In years to come, when people ask one another “Where were you when operations manager Adrian Anderson revealed that Nick Maxwell was being fined for revealing confidential gambling-related data to family members?” I will proudly say “Five metres away from Anderson.”
I returned to the office to find everybody with the heads down and bums up. Nobody was interested in my return; they all needed to get this story out as quick as possible… as I’m sure fourteen other organisations would have been doing across the city.
Within minutes another press conference was called, this time at Collingwood’s home base at the Westpac Centre. The journalist assigned to the conference had already made his departure, but I didn’t let that stop me. With enough time running on the clock, I jumped on the city circle tram like a man on a mission. The only problem was I didn’t know how to get there.
Misled by the city circle tram driver, I switched onto the 75 Vermont-bound tram. This route took me nowhere near Collingwood’s base. Instead I found myself on Wellington Parade, on the wrong side of the MCG.

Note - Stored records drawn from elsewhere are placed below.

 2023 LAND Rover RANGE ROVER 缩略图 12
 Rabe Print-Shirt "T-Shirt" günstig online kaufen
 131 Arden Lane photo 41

I wasn’t sure what time the conference was set to start, but I didn’t let that triviality bother me. Here was my chance to act like a true journo, and literally race across the city in search of that story. A one kilometre disorientated sprint somehow took me the door of the Westpac Centre.
Having only missed a few minutes I crept my way in, finding myself a spot beside the big shots of the industry. I must have been the only person in the room without a pen or paper – and certainly the only person to be wearing a Demons scarf – but few seemed to notice. After all, the focus was on Shaw and Maxwell, the star duo apologising for their stupidity and selfishness.

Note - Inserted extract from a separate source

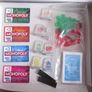 Monopoly Zapped Edition, iPad/Phone/Pod Application Image 4
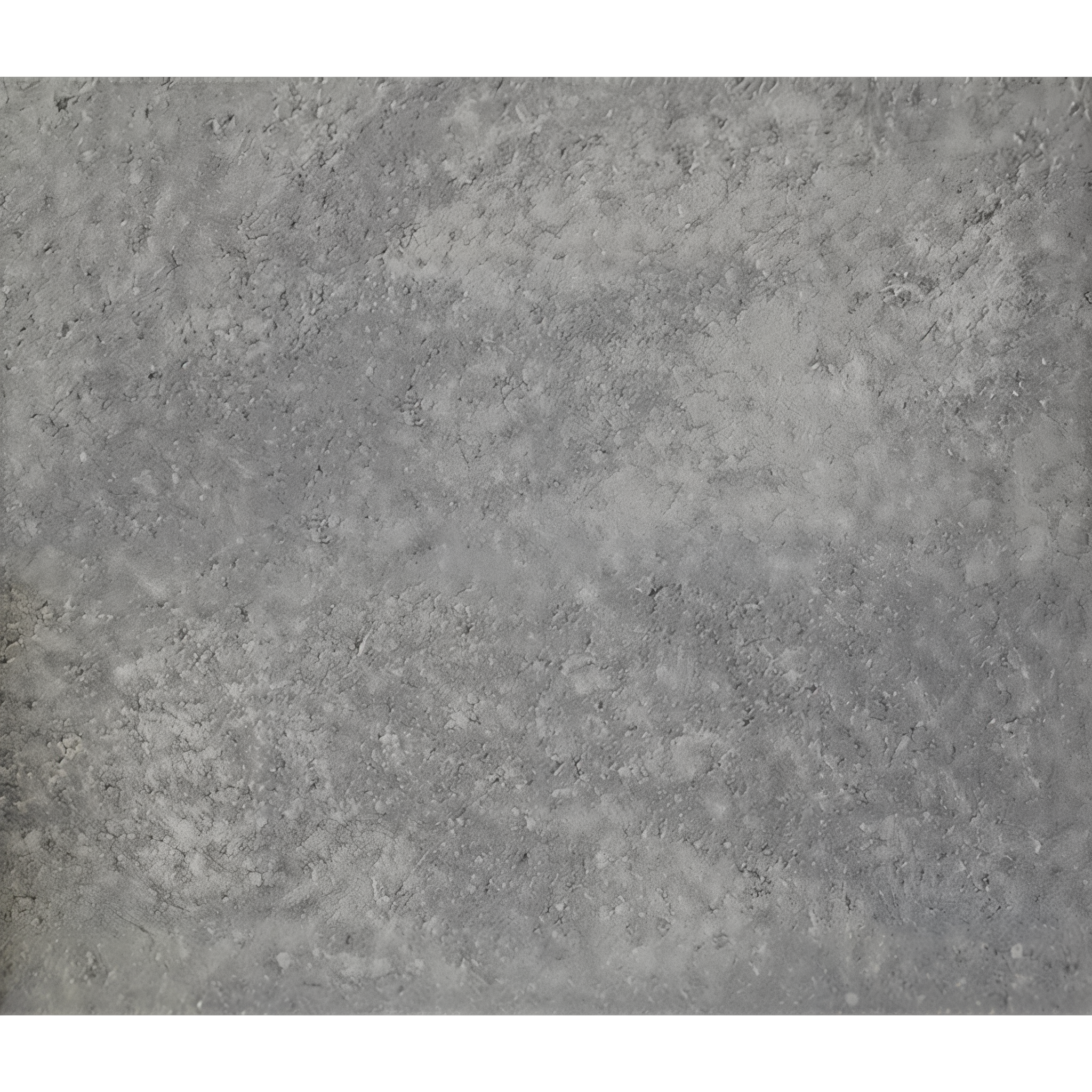 SMOOTH Cap 3" x 13" x 12" - Color Swatch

The main event, however, took stage beside the pair. Larger than life, and literally red-faced, sat my morning alarm – Eddie McGuire himself. Apparently Eddie does some Presidenty stuff on the side of radio. Who’d have thought?
As the press conference came to a close, the media dispersed as microphones and cables were tossed around. My focus, though, was more directed at the duo beside me, where The Age writer Caroline Wilson shared some stern words with my main man Eddie.
Every bone in my body wanted to stand next to them, to catch the latest scoop, or throw my name into their vocabulary. But I thought better of it. While my role this week was to gain experience and develop contacts; the last thing I wanted to do was annoy the two biggest names in the football media.
They already have the best jobs in the world. I don’t think they need me to boost their ego.